L’humoriste est bien entouré dans cette nouvelle aventure. Anne-Marie Losique, Guylaine Tremblay, Christian Bégin, Francis Reddy, Marc Labrèche, Georges St-Pierre et plusieurs autres figurent au générique.
« Bruno est extrêmement fédérateur. Tous les gens approchés lors du casting ont accepté l’invitation, ou presque. Je pense que l’univers leur offre un terrain de jeu formidable. Sur le plateau, il y avait vraiment un esprit de troupe. Toutes les idées étaient bienvenues », affirme le réalisateur.
On a donc droit à des raps hilarants imaginés par FouKi, à un Guy Jodoin, les cheveux et la barbe fraîchement teints, désespérément accroché à sa jeunesse — « Je me suis fait pipi dessus quand je l’ai vu arriver sur le plateau », assure Bruno Blanchet — et à quelques improvisations bien placées.
Le résultat est certes désopilant, mais aussi touchant, réfléchi et d’une grande douceur. « Je voulais qu’il y ait beaucoup de tendresse, que ce soit une grande célébration entre amis. Le format nous a permis d’explorer des zones d’ombre, de prendre des risques et de laisser la place aux surprises », souligne Bruno Blanchet.

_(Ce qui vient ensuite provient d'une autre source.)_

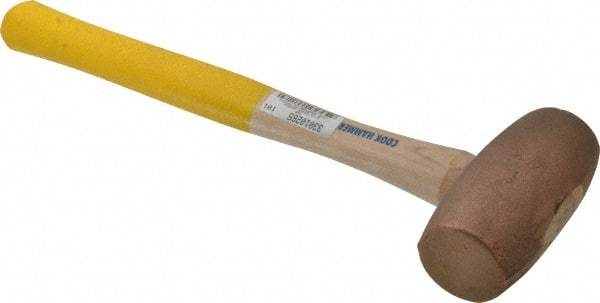 Cook Hammer - 6 Lb Head Nonsparking Mallet - 16" OAL, Wood Handle - Top Tool & Supply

Les deux amis sont habitués de composer avec les imprévus. Lors du tournage des Voyages de Monsieur Bruno, ils se sont bien souvent retrouvés au dépourvu ; comme cette fois où un épisode autour d’un chef dogon, au Mali, a dû être complètement repensé, sa mort précédant de quelques jours leur arrivée. « Même si on avait un scénario cette fois, on voulait y intégrer cet élément de danger. On a écrit des scènes touchantes et dramatiques, que je n’étais pas certain d’être capable de jouer », poursuit-il.
Tout était mieux avant ?
Plus que jamais, faire de l’humour exige intelligence, sensibilité et érudition ; des qualités qui peuvent s’avérer des freins autant que des moteurs. Qu’en est-il, pour quelqu’un qui a bâti une carrière en faisant ce qu’il n’avait pas vraiment le droit de faire ?
« Je trouve intéressant de me mettre la tête sur le bûcher, pour voir si mon humour survit à la société d’aujourd’hui, répond Bruno Blanchet. La formidable Anne-Marie Losique, en acceptant de se caricaturer elle-même, nous a permis d’explorer ces questionnements. Elle a été d’une grande générosité, tout le monde est tombé amoureux d’elle. »

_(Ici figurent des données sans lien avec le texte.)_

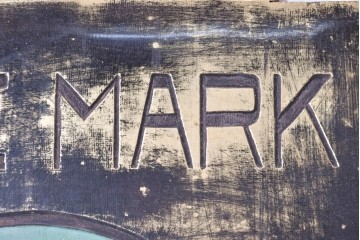 和製アンティーク　当時物　風邪薬「バザン氏丸」　戦前の薬屋の木製看板　(R-086263)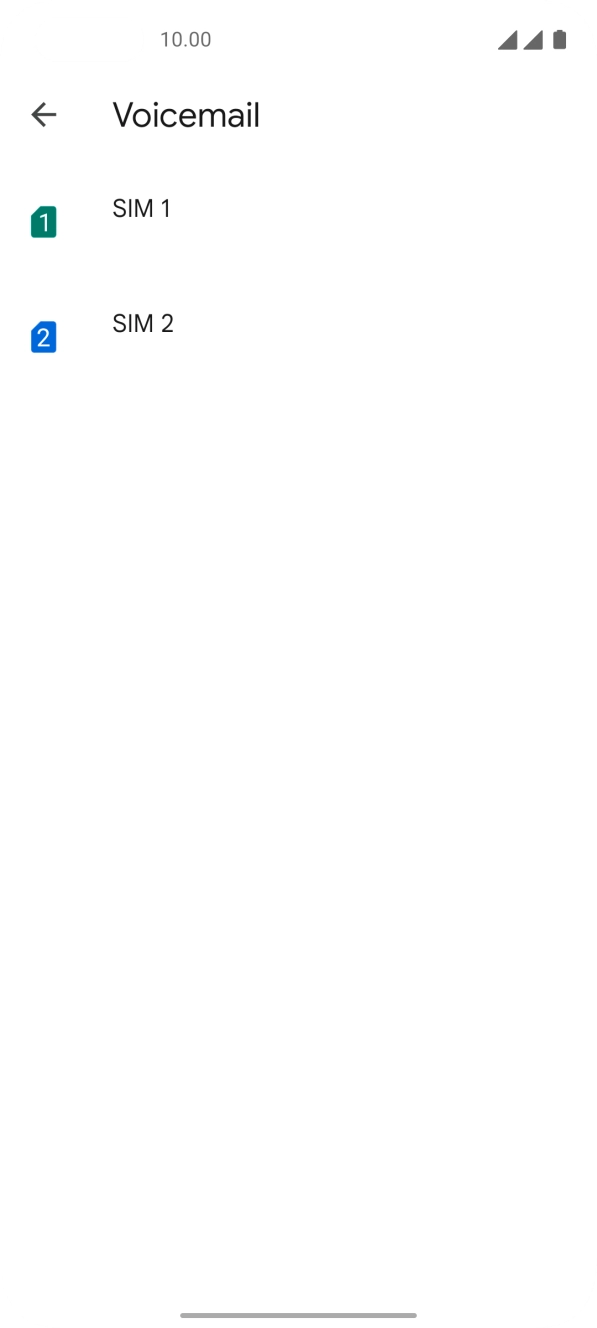 Press the required SIM.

« On comprend, avec le personnaged’Anne-Marie, que l’humour peut faire rire, mais qu’il peut aussi faire pleurer, renchérit Arnaud Bouquet. Est-ce que ça veut dire qu’il faut arrêter ? Non. Mais il faut réfléchir et adapter la façon dont on le fait, retravailler le muscle pour ne pas tomber dans le piège de la facilité et s’adapter à la nouvelle réalité. »

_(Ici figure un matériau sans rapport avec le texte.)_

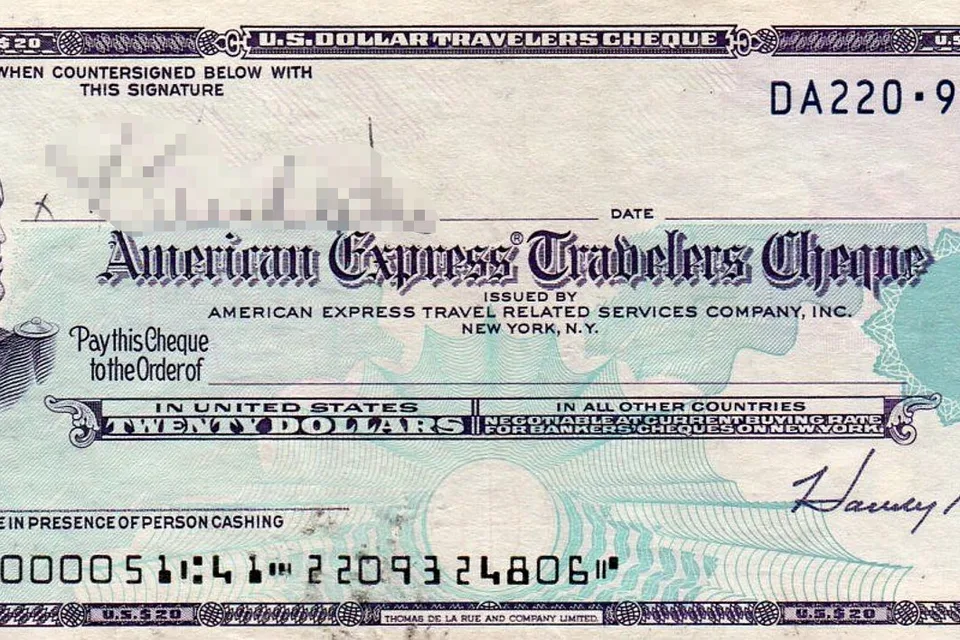 Дорожный чек American Express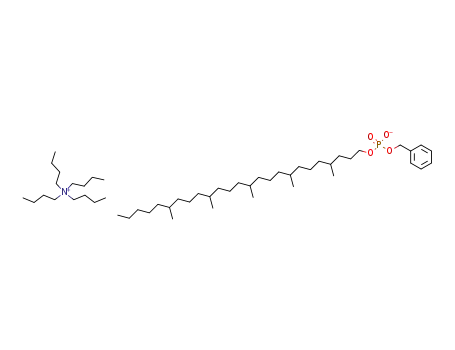tetrabutylammonium benzyl 4,8,12,16,20-pentamethylpentacosylphosphate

« Rire, c’est essentiel pour comprendre et assimiler le monde. Comme la lumière, il passe à travers les craques. À Moscou, les spectacles de stand-up cartonnent en ce moment, car c’est l’un des rares lieux d’expression où tu peux encore critiquer Poutine. En Ukraine, le président Zelensky dit souvent qu’il a l’impression d’être Bill Murray dans Le jour de la marmotte, à force de répéter les mêmes demandes aux leaders occidentaux. Il comprend que c’est ce langage qui rejoint les gens », poursuit Bruno Blanchet.
De notre côté de l’océan, La mélancolite apportera à tout le moins un peu de douceur en ces temps troubles, nous remémorant — et réactivant peut-être — des moments passés en famille autour d’un rendez-vous télévisuel. Mais gare à la mélancolie ! Les héritages, ça se transmet. « Si on peut donner envie à un jeune de créer, de repousser ses limites, on pourra dire “mission accomplie” », conclut le comédien.